In summary, the lexical analyzer and semantic analyzer components generate a list of keywords from an FQL query. Then, this list is passed to the keywords scanner component, which searches the open source code of interest by using the keywords. Finally, the result generator component presents the keywords scanner results to users.

4 Exemplar Applications

For the demonstration purpose, we present the searching results of scientific computing software packages supported by several large-scale DOE programs, such as the Innovative and Novel Computational Impact on Theory and Experiment (INCITE) program (www.doeleadership-computing.org), Exascale Computing Projects (www.exascaleproject.org), Earth System Modeling (climatemodeling.science.energy.gov), and Subsurface Biogeochemical Research (doesbr.org). For the demonstration purpose, we use five applications in this paper:

  1. 1.

    QMCPACK: A quantum Monte Carlo package designed for the ab initio electronic structure calculations [17]. It includes the implementation of a number of numerous Quantum Monte Carlo (QMC) algorithms.

  2. 2.

    ParFlow A parallel watershed flow model used to simulate different kinds of hydrological processes [20].

  3. 3.

    E3SM: A model used to simulate the interaction between human and Earth systems [1].

  4. 4.

    SICM: A tool provides a simple unified interface to simplify the process of managing the complex memory hierarchies [24].

  5. 5.

    ExaAM (includes Truchas, Tusas, ExaMPM and MEUMAPPS) : ExaAM is a software environment to simulate the complex additive manufacturing process (AM) [19]. Since it is an integration of many software, we use the Truchas [27], Tusas [28], ExaMPM [15] and MEUMAPPS [8] as our test cases. As shown in Table 2, there are four columns for each of them.

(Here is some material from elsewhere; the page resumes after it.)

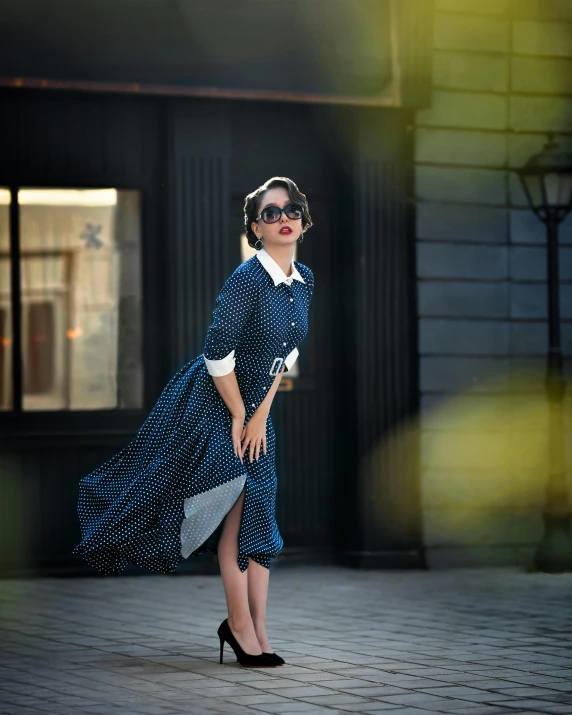 a woman wearing a dress with collar neck and sleeves is standing in the sun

Exemplar FQL results of these applications are listed in the Table 2. It is obviously that MPI and OpenMP are two of the most widely used HPC features.

5 Conclusions

In this paper, we design and develop a software toolkit that automatically collects the software features from scientific codes using a new language, called Feature Query Language (FQL). For specific user-defined questions, we translate and formulate them into FQL queries using the FQL syntax. Then, the toolkit parses and executes the FQL queries over source code to collect information about the software features, such as special hardware, software and architecture requirements. Although we emphasize collecting the HPC features in this study, the capability of the toolkit can be easily extended to other software engineering tasks, such as coding pattern, hardware dependency and portability, as long as these questions can be formulated as valid FQL sentences following the defined FQL syntax that combines command, keyword, and phrase. FQL can also be integrated into other code analysis tools. For instance, FQL is included in an integrated tool called XScan. As described in [34], XScan can be used to analyze the Open Source Community-based Scientific Code.